Der Berliner Immobilienkonzern Deutsche Wohnen muss 14,5 Millionen Euro Strafe wegen Verstößen gegen die Datenschutz-Grundverordnung (DSGVO) zahlen. Das teilte die Berliner Beauftragte für Datenschutz, Maja Smoltczyk, am Dienstag mit.
Die obenstehende Pressemitteilung macht im Moment in allen Medien die Runde. Was nach einem neuen Rekordbußgeld in Deutschland klingt, macht vielen Unternehmen im Moment Angst. Grund für uns, dieses Bußgeld genauer zu betrachten.
Ja, die Höhe des Bußgeldes ist beachtlich. Auch wenn bei einem Umsatz von 1,1 Milliarden Euro der Höchstrahmen von 2-4% noch nicht erreicht ist, dieses Bußgeld setzt neue Maßstäbe.
Ist es das Ergebnis der konsequenten Anwendung der neuen Bußgeldberechnung (siehe unsere Information vom 23.10.2019)? Auch wenn uns noch keine Informationen dazu vorliegen, wie dieser Wert ermittelt wurde, es sieht fast so aus.
Was war passiert?
Bereits 2017 wurde die Deutsche Wohnen darauf hingewiesen, dass die massenhafte Speicherung von Bewerberdaten im Archivsystem nicht zulässig sei. Teilweise soll es um Daten wie Gehaltsbescheinigungen, Selbstauskunftsformulare, Auszüge aus Arbeits- und Ausbildungsverträgen, aber auch Steuer-, Sozial- und Krankenversicherungsdaten und Kontoauszüge gegangen sein. Eine Löschung im Archiv war nicht möglich.
Bei einer erneuten Überprüfung im März dieses Jahrs soll sich an dem Zustand nichts geändert haben. Weshalb nun das Bußgeld verhängt wurde.
Was passiert jetzt?
Bevor nun tatsächlich die 14,5 Millionen Euro den Besitzer wechseln, wird sich wohl mindestens ein Gericht mit dem Fall beschäftigen müssen. Die Deutsche Wohnen SE will den Bescheid gerichtlich prüfen lassen. Dies liegt auch an der unterschiedlichen Ansicht der Parteien. Während der Deutschen Wohnen vorgeworfen wird, es habe sich nicht geändert, behauptet das Unternehmen, dass das Archiv gar nicht mehr aktiv genutzt wird und sehr wohl eine Änderung in den Prozessen stattgefunden habe.
Was lernen wir daraus?
Die Berliner Datenschutzbeauftragte Maja Smoltczyk erklärte zu dem Rekordbußgeld am Dienstag: „Datenfriedhöfe, wie wir sie bei der Deutsche Wohnen SE vorgefunden haben, begegnen uns in der Aufsichtspraxis leider häufig.

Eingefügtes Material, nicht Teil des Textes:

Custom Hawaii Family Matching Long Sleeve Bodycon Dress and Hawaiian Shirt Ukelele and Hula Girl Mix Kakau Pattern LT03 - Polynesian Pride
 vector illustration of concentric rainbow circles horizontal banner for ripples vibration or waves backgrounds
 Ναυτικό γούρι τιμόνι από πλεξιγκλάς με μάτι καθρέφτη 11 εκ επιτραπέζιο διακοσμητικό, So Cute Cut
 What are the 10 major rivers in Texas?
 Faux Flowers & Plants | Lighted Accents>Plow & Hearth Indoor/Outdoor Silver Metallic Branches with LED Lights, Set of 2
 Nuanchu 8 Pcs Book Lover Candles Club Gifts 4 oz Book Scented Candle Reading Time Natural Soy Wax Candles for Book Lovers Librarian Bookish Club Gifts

Die Brisanz solcher Missstände wird uns leider immer erst dann deutlich vor Augen geführt, wenn es, etwa durch Cyberangriffe, zu missbräuchlichen Zugriffen auf die massenhaft gehorteten Daten gekommen ist.“ Aber auch ohne solch einen „Daten-Gau“ handele es sich um einen „eklatanten Verstoß gegen die Grundsätze des Datenschutzes“.
Dem stimmen wir im Grunde zu. Wir erinnern in diesem Zusammenhang nochmals an die Zweckbindung der Datenerhebung. Wenn der Zweck der Datenverarbeitung entfällt, sind nicht mehr benötigte Daten zu löschen. Tatsächlich tun sich viele Mitarbeiter in den Unternehmen und eben auch teilweise die Unternehmer noch schwer, wenn es um die Löschung alter Daten geht. Was Daten betrifft, gibt es heute noch viele digitale Jäger und Sammler.
Zusammen mit der Erfassung Ihrer Verarbeitungen im Verzeichnis der Verarbeitungstätigkeiten wurde die regelmäßige Aufbewahrungsfrist für die jeweiligen Daten bestimmt. Prüfen Sie nochmals Ihre Prozesse und Anwendungen, ob eine Löschung nach den vorgesehenen Zeitrahmen möglich ist. Sensibilisieren Sie Ihre Mitarbeiter: Archivieren Sie nur die Unterlagen, die benötigt werden, also jene zu welchen ein Zweck zur Archivierung vorhanden ist. Wir erinnern hier beispielhaft nochmal an die Bewerbungsunterlagen im Rahmen von Stellenausschreibungen, die ebenfalls nach Abschluss des Bewerbungsverfahrens zu löschen sind.